Dàshèng bēifēntuólì jīng 大乘悲分陀利經

Mahāyāna Karuṇā-puṇḍarīka-sūtra (Mahāyāna Lotus-of-Compassion Sūtra) by 失譯 (anonymous translator, 譯; appended to the Qín register)

About the work

An eight-fascicle anonymous translation of the Karuṇā-puṇḍarīka-sūtra, the doublet companion of [[KR6b0006|Bēihuā jīng 悲華經 (T157)]] translated by 曇無讖 Dharmakṣema c. 414–421. The catalog signature reads 「失三藏名今附秦錄」 (“the tri-piṭaka-master’s name lost; presently appended to the Qín register”). The text opens at Vulture-Peak with the same 62,000-bhikṣu assembly and proceeds through the same Karuṇāpuṇḍarīka narrative as T157, but in a more literal and idiomatically less polished Chinese register.

Prefaces

The text bears no preface or postface in the source file; the only paratext is the canonical signature 「失三藏名今附秦錄」.

Abstract

T158 is the doublet companion of T157, preserving an independent Chinese translation of the same Indic source (a Karuṇāpuṇḍarīka-recension) by an unidentified translator working under a “Qín” 秦 register-attribution. The catalog assignment to “Qín” is ambiguous between Former Qín 前秦 (351–394), Latter Qín 後秦 (384–417), or Western Qín 西秦 (385–431); modern scholarship (Yamada 1968; Mizuno; Demiéville) on linguistic grounds tends to place the translation in the late fourth / early fifth century, broadly compatible with the Latter or Western Qín. The 350–431 date-bracket given here is the maximal possible window the catalog register-attribution can support without further evidence.

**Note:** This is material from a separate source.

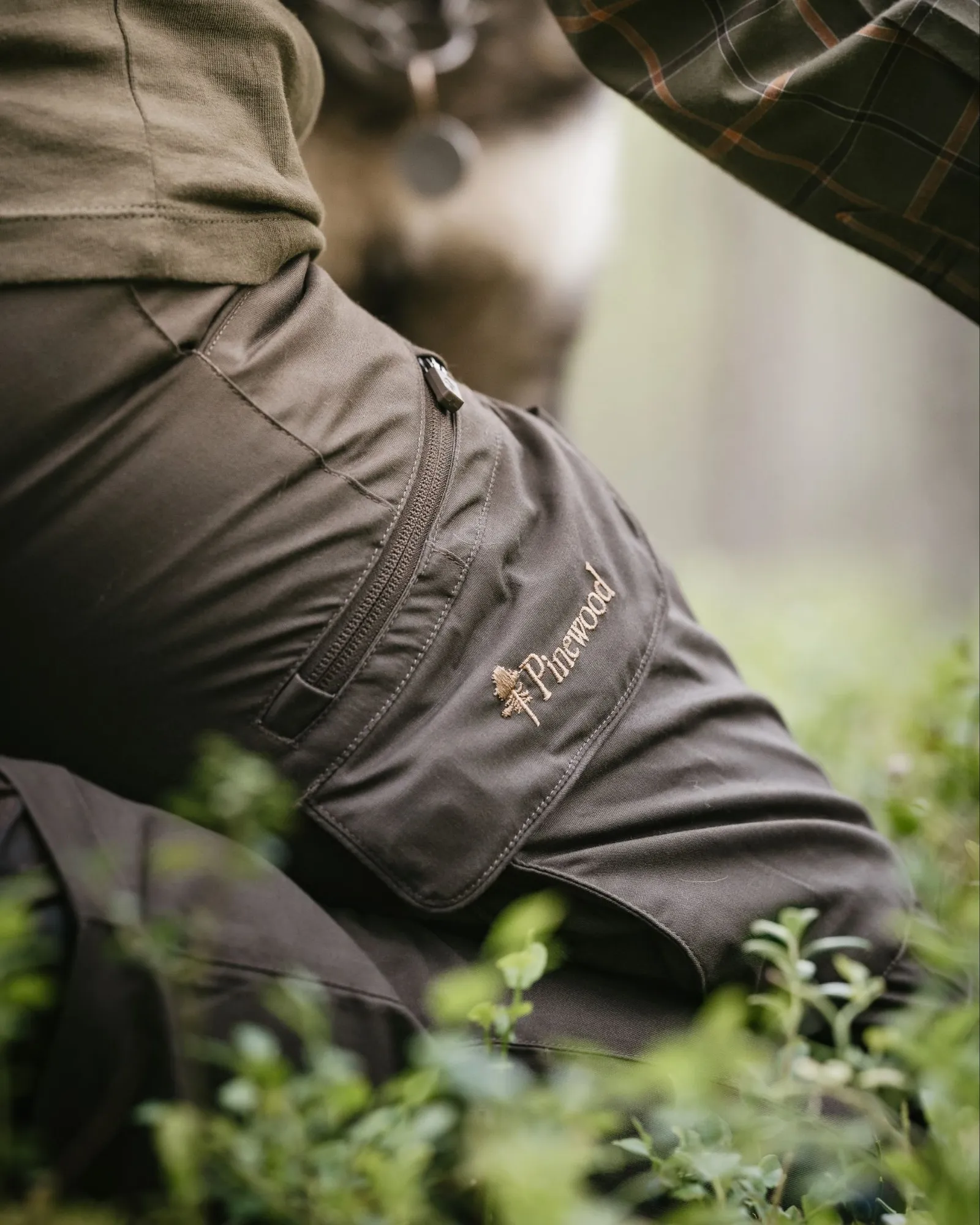 Pinewood® Pro InsectSafe Byxor Dam / D.Olive - Image 6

The work is doctrinally identical in core narrative content to T157, but it preserves features of the Indic original that have been smoothed in Dharmakṣema’s later translation — notably more literal renderings of Sanskrit terminology and a less sinified moral-rhetorical surface. Yamada’s 1968 critical edition of the Sanskrit Karuṇāpuṇḍarīka uses both Chinese translations comparatively; the doublet is a key test-case for assessing pre-Kumārajīva versus Northern-Liáng translation idioms applied to the same Indic source.

Translations and research

  • Yamada Isshi 山田一誠. Karuṇāpuṇḍarīka, Edited with Introduction and Notes. 2 vols. London: SOAS, 1968. (Comparative apparatus including T158.)
  • Mizuno Kōgen 水野弘元. “Hi-funda-ri kyō to Hi-ke-kyō” 悲分陀利經と悲華經. Bukkyō kenkyū 仏教研究 (article on the doublet).
  • Boucher, Daniel. “Buddhist Translation Procedures in Third-Century China: A Study of Dharmarakṣa and his Translation Idiom.” Journal of the American Oriental Society 116 (1996). (Methodological framework applicable to T158 attribution analysis.)

Other points of interest

The doublet relationship between T157 and T158 is one of the most important test-cases in pre-Tang Chinese Buddhist translation studies, since the two Chinese versions of the same Indic Karuṇāpuṇḍarīka recension preserve in side-by-side form the difference in translation idiom between an anonymous Qín-period rendering and Dharmakṣema’s later Northern-Liáng one.